Two Thoughts on Death and Freedom

It is November 11th. So many thousands of men died in conflict in the last century, primarily in two cataclysmic world wars, in the name of keeping the free world free. The enemies of freedom would be long dead now regardless of the outcome of those wars, as, presumably, would be their self-devouring political dreams. Meanwhile, that free world for which so many brave men gave their lives is no longer free, abandoned voluntarily by generations of cowards and pleasure-seekers all too eager to divest themselves of the birthright for the preservation of which their ancestors suffered horribly, and to do so at the smarmy behest of minions — Hitler’s pipsqueak nephews, Stalin’s milquetoast diminutives. 

One must earn another man’s death, even — or especially — in its aftermath. We have not earned it. In other words, we do not deserve it.
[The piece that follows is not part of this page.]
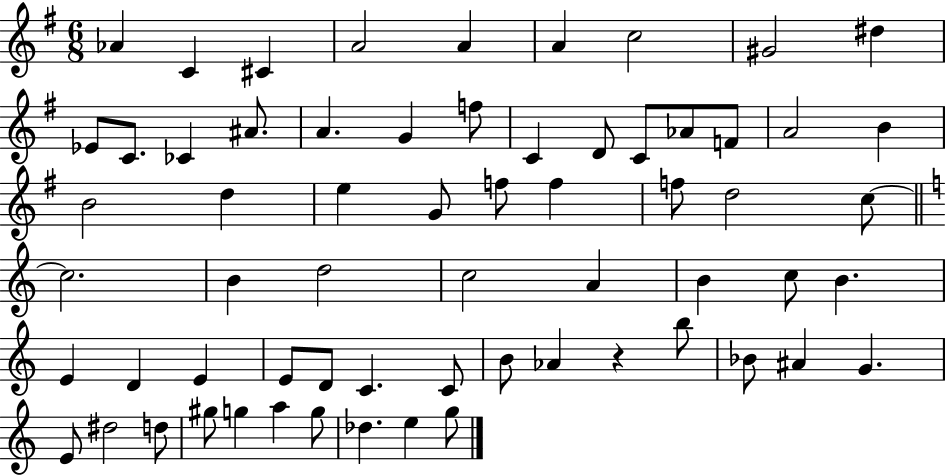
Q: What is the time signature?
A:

Every death in the face of oppression is an implicit challenge to those who survive. Socrates showed us what “philosophy as practicing death” really meant — and not only as a spiritual imperative but also as a political stand, since, as Plato took great pains to demonstrate, there is no existing regime welcoming to the lover of wisdom. But how many have lived up to Socrates’ example, and earned the name? — though today thousands dare to call themselves philosophers while enjoying the wine and cheese after their little conferences and guest lectures.